#### WORK INSTRUCTION:
Look for "Pot filler taps" in the entries below. Then write out exactly the line that holds it and every line after it, to the last, and nothing else.

#### RECORD EXCERPTS:
==========

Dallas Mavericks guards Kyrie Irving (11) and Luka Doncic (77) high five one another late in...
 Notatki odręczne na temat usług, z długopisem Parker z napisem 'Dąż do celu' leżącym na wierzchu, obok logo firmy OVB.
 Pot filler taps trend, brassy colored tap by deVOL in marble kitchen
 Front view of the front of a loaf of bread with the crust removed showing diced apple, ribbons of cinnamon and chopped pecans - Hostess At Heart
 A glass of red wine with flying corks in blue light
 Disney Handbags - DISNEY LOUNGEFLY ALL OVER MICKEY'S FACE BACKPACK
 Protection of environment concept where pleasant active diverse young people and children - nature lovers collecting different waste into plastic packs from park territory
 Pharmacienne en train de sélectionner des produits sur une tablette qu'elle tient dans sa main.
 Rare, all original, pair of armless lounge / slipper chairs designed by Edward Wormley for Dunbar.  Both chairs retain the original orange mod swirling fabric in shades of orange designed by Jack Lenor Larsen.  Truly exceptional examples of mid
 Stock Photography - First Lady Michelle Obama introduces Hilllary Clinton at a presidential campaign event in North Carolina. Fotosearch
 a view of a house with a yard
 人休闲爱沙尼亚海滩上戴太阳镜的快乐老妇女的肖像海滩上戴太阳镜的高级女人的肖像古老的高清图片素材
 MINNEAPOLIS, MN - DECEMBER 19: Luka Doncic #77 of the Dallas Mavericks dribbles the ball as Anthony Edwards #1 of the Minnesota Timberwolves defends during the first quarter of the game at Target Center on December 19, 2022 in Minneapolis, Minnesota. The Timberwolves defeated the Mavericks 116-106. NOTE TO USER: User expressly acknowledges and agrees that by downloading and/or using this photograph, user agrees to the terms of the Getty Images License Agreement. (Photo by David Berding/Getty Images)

==========

#### TASK RESPONSE:
 Pot filler taps trend, brassy colored tap by deVOL in marble kitchen
 Front view of the front of a loaf of bread with the crust removed showing diced apple, ribbons of cinnamon and chopped pecans - Hostess At Heart
 A glass of red wine with flying corks in blue light
 Disney Handbags - DISNEY LOUNGEFLY ALL OVER MICKEY'S FACE BACKPACK
 Protection of environment concept where pleasant active diverse young people and children - nature lovers collecting different waste into plastic packs from park territory
 Pharmacienne en train de sélectionner des produits sur une tablette qu'elle tient dans sa main.
 Rare, all original, pair of armless lounge / slipper chairs designed by Edward Wormley for Dunbar.  Both chairs retain the original orange mod swirling fabric in shades of orange designed by Jack Lenor Larsen.  Truly exceptional examples of mid
 Stock Photography - First Lady Michelle Obama introduces Hilllary Clinton at a presidential campaign event in North Carolina. Fotosearch
 a view of a house with a yard
 人休闲爱沙尼亚海滩上戴太阳镜的快乐老妇女的肖像海滩上戴太阳镜的高级女人的肖像古老的高清图片素材
 MINNEAPOLIS, MN - DECEMBER 19: Luka Doncic #77 of the Dallas Mavericks dribbles the ball as Anthony Edwards #1 of the Minnesota Timberwolves defends during the first quarter of the game at Target Center on December 19, 2022 in Minneapolis, Minnesota. The Timberwolves defeated the Mavericks 116-106. NOTE TO USER: User expressly acknowledges and agrees that by downloading and/or using this photograph, user agrees to the terms of the Getty Images License Agreement. (Photo by David Berding/Getty Images)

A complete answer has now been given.